Fig. 3: Loss-function variance decay.
From: Towards large-scale quantum optimization solvers with few qubits

Main: Average sample variance \(\overline{\,{\mbox{Var}}\,({{\mathcal{L}}})}\) of \({{\mathcal{L}}}\), normalized by \({\alpha }^{4}{\sum }_{(i.j)\in E}{w}_{ij}^{2}\), after plateauing, for the encodings Π(1), Π(2), and Π(3), as a function of m (in log-linear scale). Error bars are not shown since they are too-small to be visible in this scale. The agreement with the analytical expression in Eq. (3) is excellent (the dashed, blue curve corresponds to the first term of the equation, which decreases as 2−2n).
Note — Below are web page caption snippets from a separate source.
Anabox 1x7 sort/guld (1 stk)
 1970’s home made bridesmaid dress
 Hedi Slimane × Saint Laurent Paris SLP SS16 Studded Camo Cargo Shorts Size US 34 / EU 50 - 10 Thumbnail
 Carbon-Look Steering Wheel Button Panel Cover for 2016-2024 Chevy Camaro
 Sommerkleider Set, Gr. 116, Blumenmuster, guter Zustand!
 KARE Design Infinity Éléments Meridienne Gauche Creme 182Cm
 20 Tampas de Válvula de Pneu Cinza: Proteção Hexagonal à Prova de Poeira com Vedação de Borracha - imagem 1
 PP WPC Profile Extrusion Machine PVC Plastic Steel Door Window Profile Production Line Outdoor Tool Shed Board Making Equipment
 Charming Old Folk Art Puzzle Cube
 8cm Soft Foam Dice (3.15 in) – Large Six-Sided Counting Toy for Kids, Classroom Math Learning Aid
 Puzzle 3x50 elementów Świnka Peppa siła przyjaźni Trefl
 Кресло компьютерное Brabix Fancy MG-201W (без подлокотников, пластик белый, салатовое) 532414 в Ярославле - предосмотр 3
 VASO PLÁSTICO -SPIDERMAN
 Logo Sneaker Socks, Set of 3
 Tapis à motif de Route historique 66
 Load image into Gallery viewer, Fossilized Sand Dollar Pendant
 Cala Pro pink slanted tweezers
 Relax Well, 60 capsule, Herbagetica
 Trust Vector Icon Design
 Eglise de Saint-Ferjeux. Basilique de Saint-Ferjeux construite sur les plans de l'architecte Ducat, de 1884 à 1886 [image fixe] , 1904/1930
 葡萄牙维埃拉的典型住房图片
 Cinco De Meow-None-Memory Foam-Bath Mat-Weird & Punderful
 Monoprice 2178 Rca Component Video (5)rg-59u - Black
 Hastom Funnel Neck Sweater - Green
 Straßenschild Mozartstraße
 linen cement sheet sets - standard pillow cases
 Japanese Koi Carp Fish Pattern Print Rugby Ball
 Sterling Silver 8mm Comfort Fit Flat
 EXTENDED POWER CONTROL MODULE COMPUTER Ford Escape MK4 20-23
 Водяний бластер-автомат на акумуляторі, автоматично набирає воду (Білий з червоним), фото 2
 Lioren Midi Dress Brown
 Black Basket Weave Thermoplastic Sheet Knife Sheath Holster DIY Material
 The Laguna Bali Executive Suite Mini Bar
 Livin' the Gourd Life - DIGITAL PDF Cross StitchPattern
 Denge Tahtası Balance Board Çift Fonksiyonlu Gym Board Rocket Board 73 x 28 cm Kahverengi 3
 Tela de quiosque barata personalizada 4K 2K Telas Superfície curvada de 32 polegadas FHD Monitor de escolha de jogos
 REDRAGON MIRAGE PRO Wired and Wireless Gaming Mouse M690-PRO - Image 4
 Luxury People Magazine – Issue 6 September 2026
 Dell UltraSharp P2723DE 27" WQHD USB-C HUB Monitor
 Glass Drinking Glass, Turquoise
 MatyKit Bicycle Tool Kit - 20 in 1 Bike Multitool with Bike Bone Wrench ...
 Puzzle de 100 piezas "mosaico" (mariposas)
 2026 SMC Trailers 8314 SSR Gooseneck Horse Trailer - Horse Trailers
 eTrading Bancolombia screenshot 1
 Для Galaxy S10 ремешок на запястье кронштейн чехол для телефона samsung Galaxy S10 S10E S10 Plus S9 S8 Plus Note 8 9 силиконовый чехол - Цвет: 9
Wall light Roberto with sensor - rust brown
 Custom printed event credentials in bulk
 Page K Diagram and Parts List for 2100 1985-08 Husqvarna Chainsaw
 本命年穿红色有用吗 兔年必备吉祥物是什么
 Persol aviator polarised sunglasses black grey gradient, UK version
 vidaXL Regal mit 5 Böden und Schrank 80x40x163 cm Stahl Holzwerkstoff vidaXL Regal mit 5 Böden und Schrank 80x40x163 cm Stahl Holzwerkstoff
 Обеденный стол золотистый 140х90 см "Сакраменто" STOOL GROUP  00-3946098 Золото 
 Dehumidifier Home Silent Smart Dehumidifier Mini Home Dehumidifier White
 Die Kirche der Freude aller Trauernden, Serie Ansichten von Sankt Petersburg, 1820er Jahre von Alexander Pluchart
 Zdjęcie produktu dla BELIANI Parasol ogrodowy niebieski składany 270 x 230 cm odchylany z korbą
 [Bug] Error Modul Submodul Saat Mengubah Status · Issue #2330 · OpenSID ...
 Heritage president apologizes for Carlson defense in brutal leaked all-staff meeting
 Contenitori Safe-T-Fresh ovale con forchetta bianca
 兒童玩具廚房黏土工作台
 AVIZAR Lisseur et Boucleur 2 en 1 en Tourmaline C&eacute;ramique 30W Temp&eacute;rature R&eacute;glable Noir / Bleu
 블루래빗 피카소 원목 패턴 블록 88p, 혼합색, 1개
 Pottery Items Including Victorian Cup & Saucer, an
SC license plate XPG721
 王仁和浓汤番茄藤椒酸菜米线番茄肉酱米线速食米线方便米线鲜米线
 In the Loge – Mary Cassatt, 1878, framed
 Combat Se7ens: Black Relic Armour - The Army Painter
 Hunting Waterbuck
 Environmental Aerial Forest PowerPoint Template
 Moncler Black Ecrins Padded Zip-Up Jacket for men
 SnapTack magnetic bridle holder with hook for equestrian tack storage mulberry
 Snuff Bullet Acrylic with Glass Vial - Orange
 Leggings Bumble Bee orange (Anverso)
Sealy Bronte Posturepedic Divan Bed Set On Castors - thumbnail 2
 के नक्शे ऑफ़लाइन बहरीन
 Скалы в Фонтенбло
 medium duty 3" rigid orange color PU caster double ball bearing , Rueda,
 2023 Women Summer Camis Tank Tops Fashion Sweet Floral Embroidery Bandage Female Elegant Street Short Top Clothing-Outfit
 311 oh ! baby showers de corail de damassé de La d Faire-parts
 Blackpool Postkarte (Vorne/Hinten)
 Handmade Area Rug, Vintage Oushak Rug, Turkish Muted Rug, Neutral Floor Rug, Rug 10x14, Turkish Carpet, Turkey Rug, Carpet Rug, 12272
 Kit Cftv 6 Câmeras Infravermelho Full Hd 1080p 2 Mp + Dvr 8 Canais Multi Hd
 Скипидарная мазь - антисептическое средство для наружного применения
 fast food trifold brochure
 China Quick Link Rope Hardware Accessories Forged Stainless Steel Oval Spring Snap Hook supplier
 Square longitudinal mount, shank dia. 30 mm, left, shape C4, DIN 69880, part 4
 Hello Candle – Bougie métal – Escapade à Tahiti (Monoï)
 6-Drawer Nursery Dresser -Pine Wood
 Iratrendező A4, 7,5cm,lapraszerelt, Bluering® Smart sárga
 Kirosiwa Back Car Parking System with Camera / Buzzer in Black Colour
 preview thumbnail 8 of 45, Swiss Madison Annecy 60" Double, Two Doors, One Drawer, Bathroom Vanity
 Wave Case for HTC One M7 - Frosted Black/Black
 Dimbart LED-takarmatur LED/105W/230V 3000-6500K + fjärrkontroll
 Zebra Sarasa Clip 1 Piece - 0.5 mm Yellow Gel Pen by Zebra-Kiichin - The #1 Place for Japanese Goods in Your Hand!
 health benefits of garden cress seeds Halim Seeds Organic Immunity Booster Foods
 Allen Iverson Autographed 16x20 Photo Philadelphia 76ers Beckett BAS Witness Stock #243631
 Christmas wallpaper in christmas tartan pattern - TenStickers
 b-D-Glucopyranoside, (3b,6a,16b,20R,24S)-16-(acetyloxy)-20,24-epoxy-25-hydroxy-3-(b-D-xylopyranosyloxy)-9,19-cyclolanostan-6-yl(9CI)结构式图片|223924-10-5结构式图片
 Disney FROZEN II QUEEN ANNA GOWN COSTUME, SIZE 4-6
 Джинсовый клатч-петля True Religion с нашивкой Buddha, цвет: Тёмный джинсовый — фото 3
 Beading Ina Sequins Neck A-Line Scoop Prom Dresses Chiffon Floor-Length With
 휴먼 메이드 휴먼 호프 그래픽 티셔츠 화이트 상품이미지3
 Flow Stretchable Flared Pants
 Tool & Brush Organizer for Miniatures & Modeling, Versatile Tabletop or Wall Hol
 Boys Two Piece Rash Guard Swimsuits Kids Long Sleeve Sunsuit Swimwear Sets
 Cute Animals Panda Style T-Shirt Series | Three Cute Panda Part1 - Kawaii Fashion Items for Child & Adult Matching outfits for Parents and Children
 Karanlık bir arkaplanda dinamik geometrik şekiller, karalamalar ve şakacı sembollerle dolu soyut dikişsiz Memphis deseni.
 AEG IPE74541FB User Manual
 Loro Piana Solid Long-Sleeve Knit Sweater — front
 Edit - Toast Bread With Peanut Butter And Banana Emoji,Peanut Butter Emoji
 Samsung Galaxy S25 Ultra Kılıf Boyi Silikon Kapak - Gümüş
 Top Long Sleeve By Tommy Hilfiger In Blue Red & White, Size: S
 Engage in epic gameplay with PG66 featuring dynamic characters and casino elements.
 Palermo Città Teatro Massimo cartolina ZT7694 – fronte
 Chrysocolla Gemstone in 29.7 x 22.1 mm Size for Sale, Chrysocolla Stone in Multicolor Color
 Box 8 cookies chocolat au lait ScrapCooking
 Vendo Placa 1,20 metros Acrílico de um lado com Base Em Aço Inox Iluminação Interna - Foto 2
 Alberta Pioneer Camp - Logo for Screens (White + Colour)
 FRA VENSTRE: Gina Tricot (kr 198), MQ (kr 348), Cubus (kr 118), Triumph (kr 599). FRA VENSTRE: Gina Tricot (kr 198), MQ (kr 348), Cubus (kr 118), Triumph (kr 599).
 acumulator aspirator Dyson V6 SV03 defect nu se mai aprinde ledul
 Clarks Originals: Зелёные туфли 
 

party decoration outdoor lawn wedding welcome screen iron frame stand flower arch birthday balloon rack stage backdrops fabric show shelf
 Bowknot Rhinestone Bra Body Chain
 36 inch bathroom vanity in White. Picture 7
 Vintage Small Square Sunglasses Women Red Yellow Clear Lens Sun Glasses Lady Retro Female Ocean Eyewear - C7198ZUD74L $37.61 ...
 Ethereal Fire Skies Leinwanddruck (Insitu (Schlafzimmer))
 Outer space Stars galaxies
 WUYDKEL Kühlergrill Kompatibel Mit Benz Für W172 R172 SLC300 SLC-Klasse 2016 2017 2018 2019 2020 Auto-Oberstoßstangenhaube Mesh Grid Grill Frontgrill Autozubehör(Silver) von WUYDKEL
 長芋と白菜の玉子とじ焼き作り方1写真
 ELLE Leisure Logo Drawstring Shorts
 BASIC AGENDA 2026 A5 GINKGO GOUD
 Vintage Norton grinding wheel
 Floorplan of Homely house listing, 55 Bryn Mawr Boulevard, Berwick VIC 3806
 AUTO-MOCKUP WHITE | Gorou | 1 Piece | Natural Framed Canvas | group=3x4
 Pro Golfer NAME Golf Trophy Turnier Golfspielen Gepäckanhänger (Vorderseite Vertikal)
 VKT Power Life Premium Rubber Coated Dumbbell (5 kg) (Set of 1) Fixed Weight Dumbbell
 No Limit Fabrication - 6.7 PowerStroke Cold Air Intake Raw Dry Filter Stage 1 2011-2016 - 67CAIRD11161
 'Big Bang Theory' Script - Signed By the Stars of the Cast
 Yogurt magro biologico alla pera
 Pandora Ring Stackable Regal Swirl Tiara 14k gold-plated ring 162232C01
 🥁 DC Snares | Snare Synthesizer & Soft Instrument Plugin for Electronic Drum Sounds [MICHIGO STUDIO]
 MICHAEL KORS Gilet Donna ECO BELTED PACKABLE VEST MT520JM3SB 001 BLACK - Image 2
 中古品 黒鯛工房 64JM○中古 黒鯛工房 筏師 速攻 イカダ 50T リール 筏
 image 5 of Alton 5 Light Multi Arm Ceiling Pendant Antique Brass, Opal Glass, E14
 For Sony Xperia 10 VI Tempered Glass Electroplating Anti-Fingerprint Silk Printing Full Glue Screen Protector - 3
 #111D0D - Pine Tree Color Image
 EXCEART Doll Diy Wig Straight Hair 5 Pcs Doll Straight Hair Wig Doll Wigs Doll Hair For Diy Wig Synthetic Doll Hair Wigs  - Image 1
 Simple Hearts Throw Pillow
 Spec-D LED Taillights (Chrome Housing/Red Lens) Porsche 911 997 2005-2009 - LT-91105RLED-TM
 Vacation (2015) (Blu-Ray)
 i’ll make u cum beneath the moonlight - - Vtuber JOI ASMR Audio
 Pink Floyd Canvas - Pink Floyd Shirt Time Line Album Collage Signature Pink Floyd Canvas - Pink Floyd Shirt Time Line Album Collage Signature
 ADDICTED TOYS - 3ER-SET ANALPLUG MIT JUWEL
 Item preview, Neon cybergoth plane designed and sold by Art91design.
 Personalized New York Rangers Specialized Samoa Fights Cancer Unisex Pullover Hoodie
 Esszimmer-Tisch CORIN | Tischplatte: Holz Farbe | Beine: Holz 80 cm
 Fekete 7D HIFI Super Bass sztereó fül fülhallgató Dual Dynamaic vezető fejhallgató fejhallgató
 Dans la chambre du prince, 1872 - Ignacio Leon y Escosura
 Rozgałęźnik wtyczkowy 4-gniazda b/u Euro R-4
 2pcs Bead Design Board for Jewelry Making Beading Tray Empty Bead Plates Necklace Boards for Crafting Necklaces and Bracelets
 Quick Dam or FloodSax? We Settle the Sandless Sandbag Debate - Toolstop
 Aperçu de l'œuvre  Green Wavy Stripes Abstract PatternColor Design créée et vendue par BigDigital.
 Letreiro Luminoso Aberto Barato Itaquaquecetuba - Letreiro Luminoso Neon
Since \(n={{\mathcal{O}}}({m}^{1/k})\), this translates into a super-polynomial suppression in m of the decay speed of \(\overline{\,{\mbox{Var}}\,({{\mathcal{L}}})}\) for k > 1. Inset: average variances of the entries of the gradient of \({{\mathcal{L}}}\) as functions of the number of layers, for quadratic compression (Π(2)). Each curve corresponds to a different n. Note the decay of the plateau (rightmost) values with n. The black crosses indicate the depths needed to reach average approximation ratios > 0.941 (computational-hardness threshold) with the quantum-circuit’s output x alone, i.e., excluding the final bit-swap search. In all cases such ratios are attained before the variances have converged to their asymptotic, steady values.